Zoom detail is normally fantastic, especially during the day, and shows a more raw, or pure, output from the software than some other OEM cameras provide. This presents a pleasing image that's free from heavy processing, and one that allows more details to enter the frame than some other cameras out there, even on phones considerably more expensive. Even the front facing camera is excellent and takes some seriously impressive selfies at 5-megapixel resolution. Great overall balance is present here, although since there's no front-facing flash the night-time selfies are going to suffer from being overly soft due to noise needing to be filtered out. Overall the performance of the camera exceeds expectations, especially for the price range, and I found myself to be incredibly pleased with most aspects of the picture taking abilities of the phone.

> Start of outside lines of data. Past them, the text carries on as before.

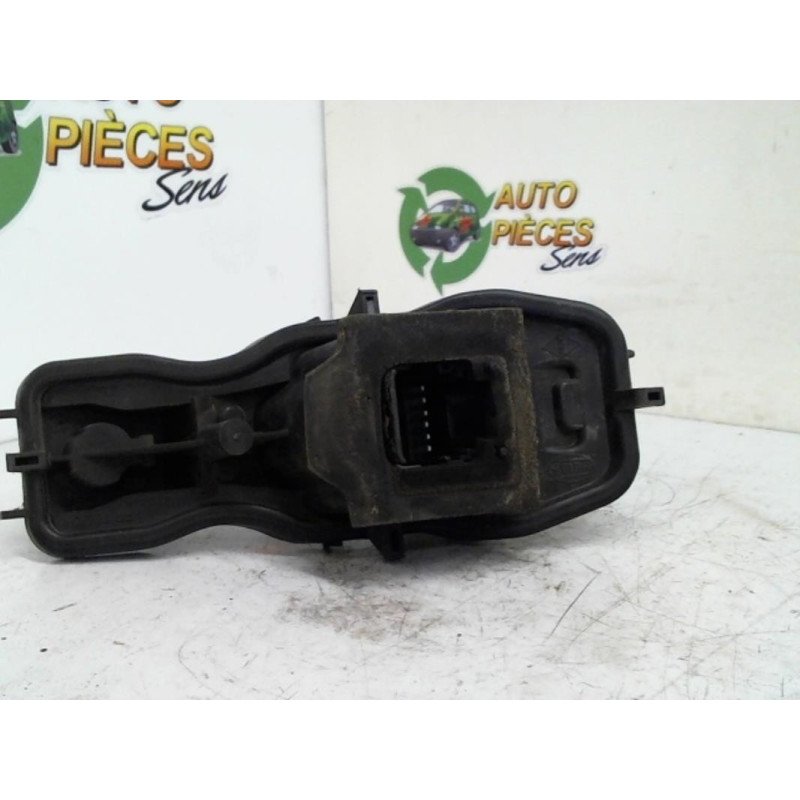 Platine feu arriere gauche RENAULT SCENIC 2 PHASE 2 d’occasion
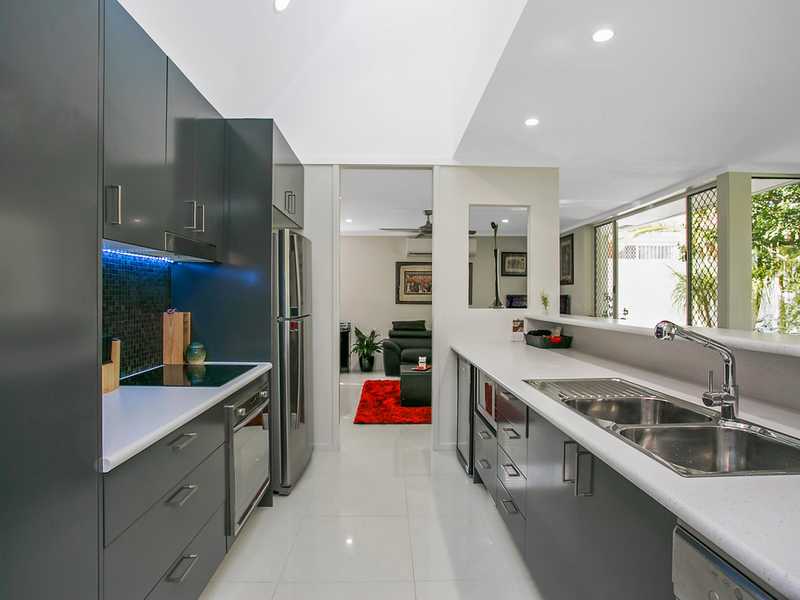 3 Mctaggart Place Carrara Queensland House for Sale RE/MAX Australia
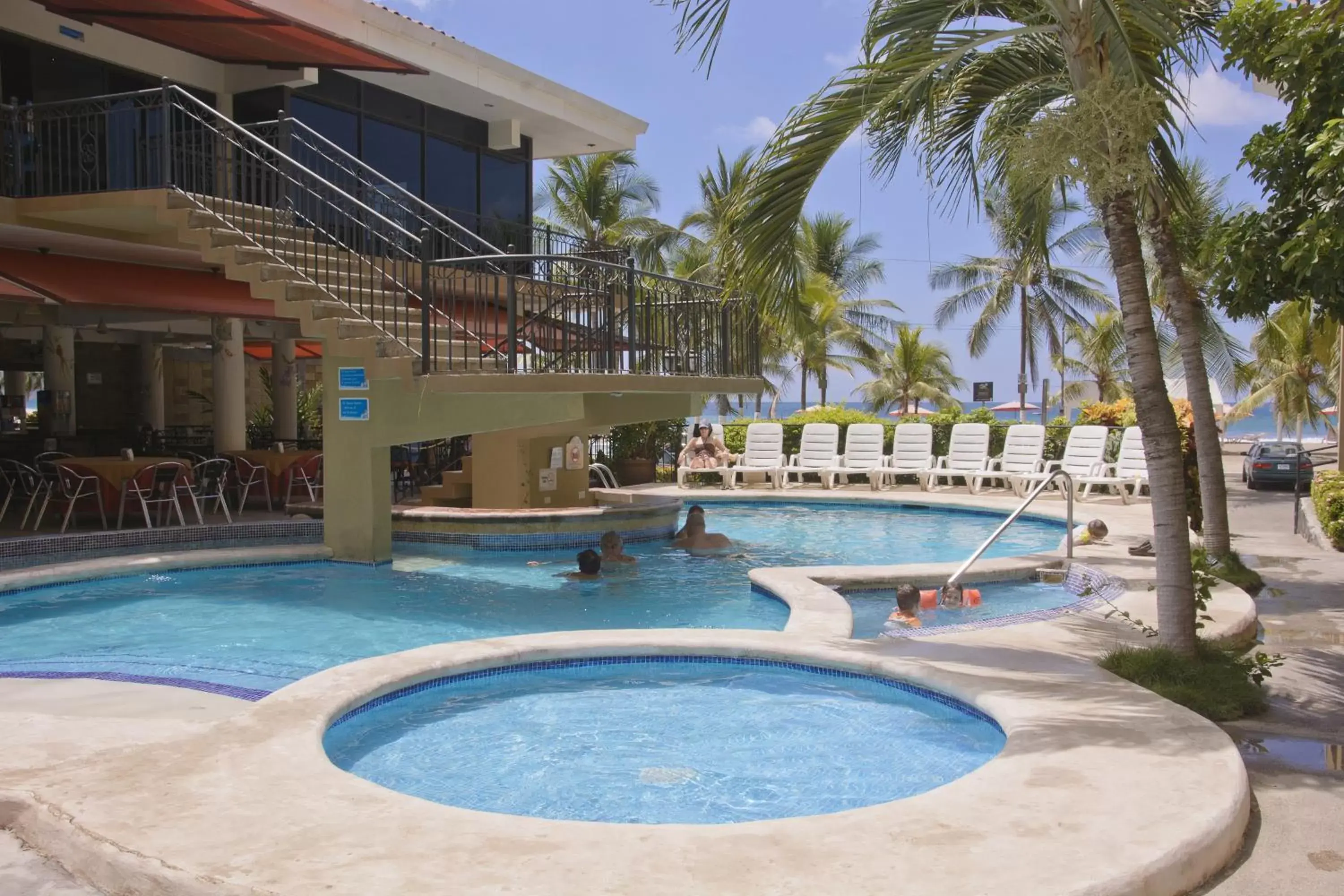 Swimming Pool in Balcon del Mar Beach Front Hotel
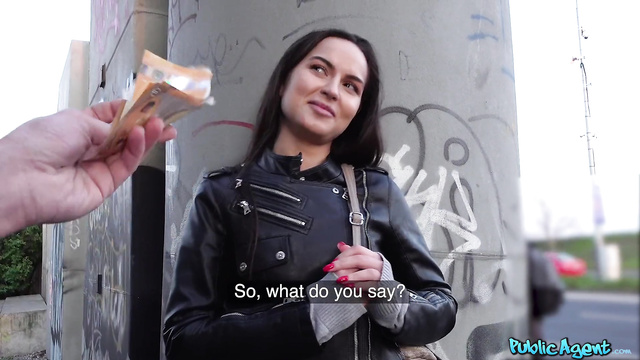 Крутая брюнетка согласилась на секс за деньги с чешским пикапером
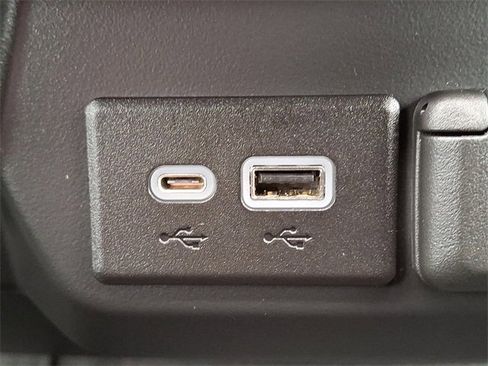 Used 2021 Chevrolet Silverado 1500 Custom image 20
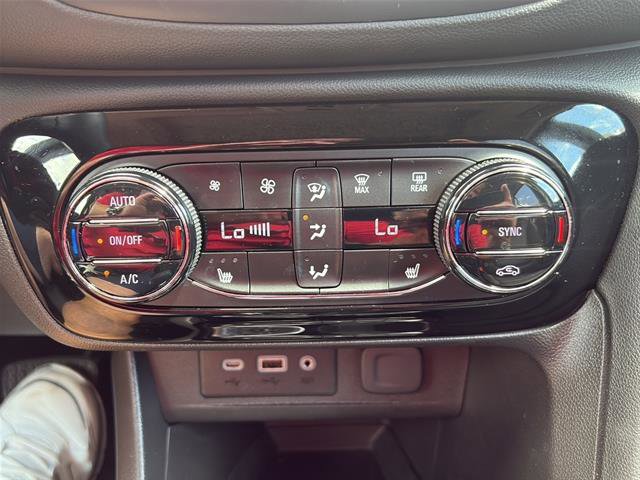 Used 2023 Buick Encore GX Essence w/ Experience Buick Package image 25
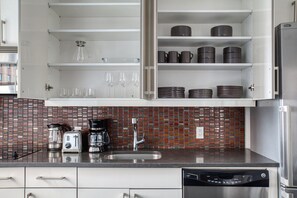 Kühlschrank, Mikrowelle, Ofen, Geschirrspüler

Video mode is just as good too, delivering solid 1080p video, although there's no image stabilization present. Details are clear and the mp4 codec used is much higher quality than the codec many phones at this price range use to say the least. Frame rate is perfectly locked at 30fps, and there's even a 120FPS 480p video mode here for some pretty decent slow motion video recording. The front-facing camera also takes 1080p video, giving you some great selfie video to share with friends and family. See all the pictures and video we took for the review in the gallery below.
Price in general
Above average screen
Excellent camera, especially at this price
Fantastic performance in nearly everything
Blazing fast and accurate fingerprint scanner
Significantly improved software design over previous Flyme versions
Big issues with some apps not running in the background
Still running Android 5.1 Lollipop
For $150 it's hard to have any sort of expectations about what kind of quality you'll find from a metal clad smartphone with a 4,100mAh battery. These features, coupled with the 1080p screen, excellent 13-megapixel rear-facing camera and 5-megapixel front-facing camera, some overall fantastic performance and just a great experience in general make the Meizu M3 Note an easy recommendation for sure. Those looking for a cheaper entry into the smartphone market really don't need to look any further, and while it's beyond disappointing that Meizu is still running Android Lollipop on a phone released in 2016, some features help make up for this. Users who rely on Google Hangouts for communication are going to find this to be a frustrating experience to say the least, as there are some significant problems with the phone's ability to allow all apps to run in the background. Hopefully these can be ironed out, because otherwise this is one of the most solid, well-rounded phones we've seen in this price range in a very long time.